Shaun Gaylard’s year of drawing architecturally

Shaun Gaylard’s drawings of 365 of SA’s top buildings are now on show

Every single day for the year of 2020, artist and architect Shaun Gaylard sat down after work, and set about drawing an architectural illustration of 365 of the country’s most iconic buildings.

After he was finished, he’d post his distinctive work on Instagram: one a day for an entire year. "I used to finish work at around five o’clock, take about half an hour break, and then do the drawing and go to bed," he recalls.

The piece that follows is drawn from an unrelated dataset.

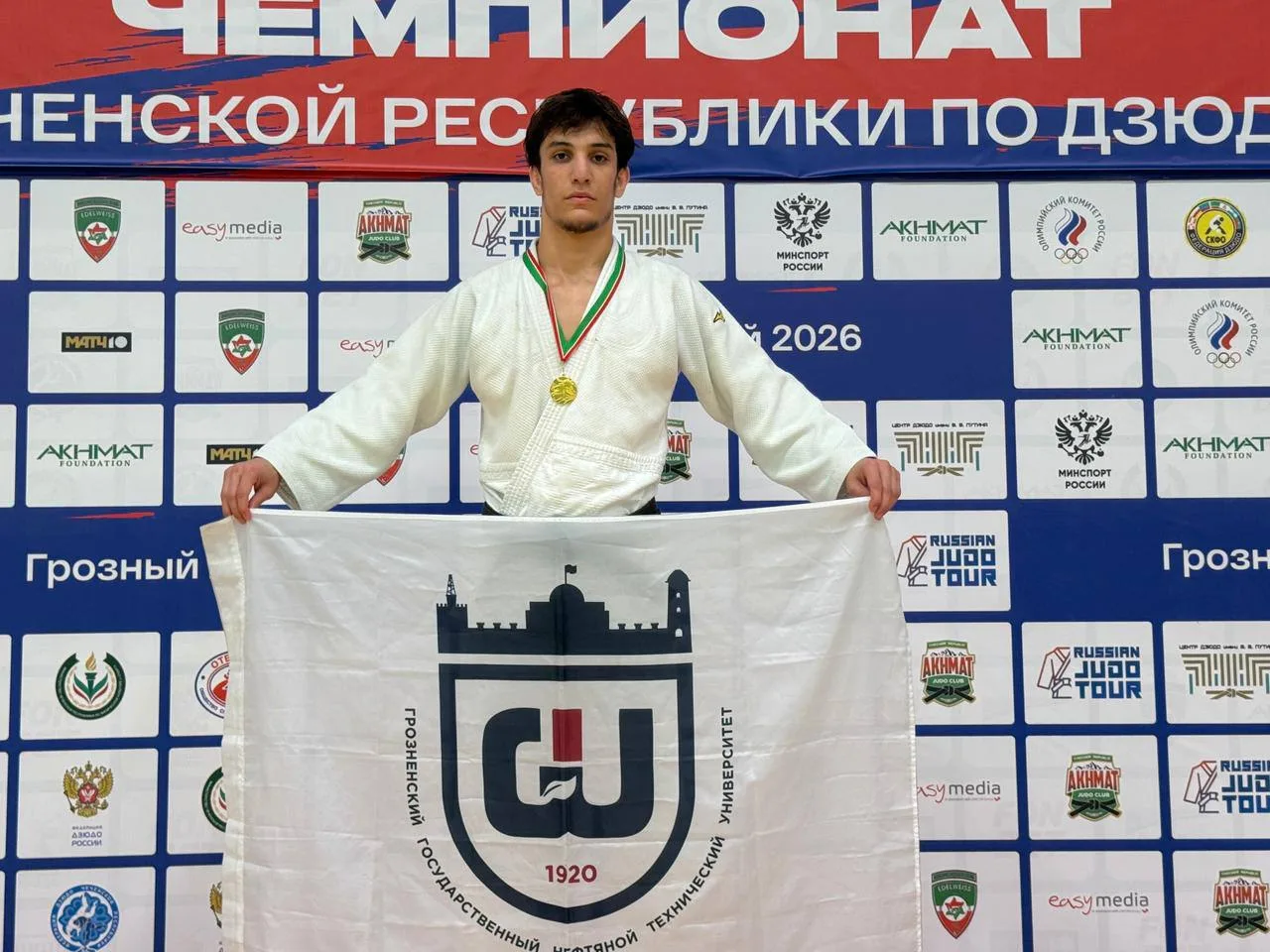 🏆Энергия победы: студент Института энергетики — чемпион Республики по дзюдо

Then he’d wake up and do it all over again.

Each drawing took him four to five hours. "In 2021, I think I posted two pictures," he laughs.

Gaylard has earned a name for himself with his beautifully restrained and delicately executed architectural drawings since he first started doing them under the moniker Blank Ink Design in 2013.

Architect Shaun Gaylard.
Architect Shaun Gaylard.

He’s been included in some pretty prestigious collections since then, including the Brenthurst Library, and was commissioned to design the SA25 gold coin, which was issued to commemorate 25 years of constitutional democracy in SA. (No points for guessing the building he chose … answer: the Constitutional Court.)

His architectural city guides, named for their airport codes — PTA, JHB, LDN, NYC and HKG — are popular among ordinary punters and architecture aficionados alike.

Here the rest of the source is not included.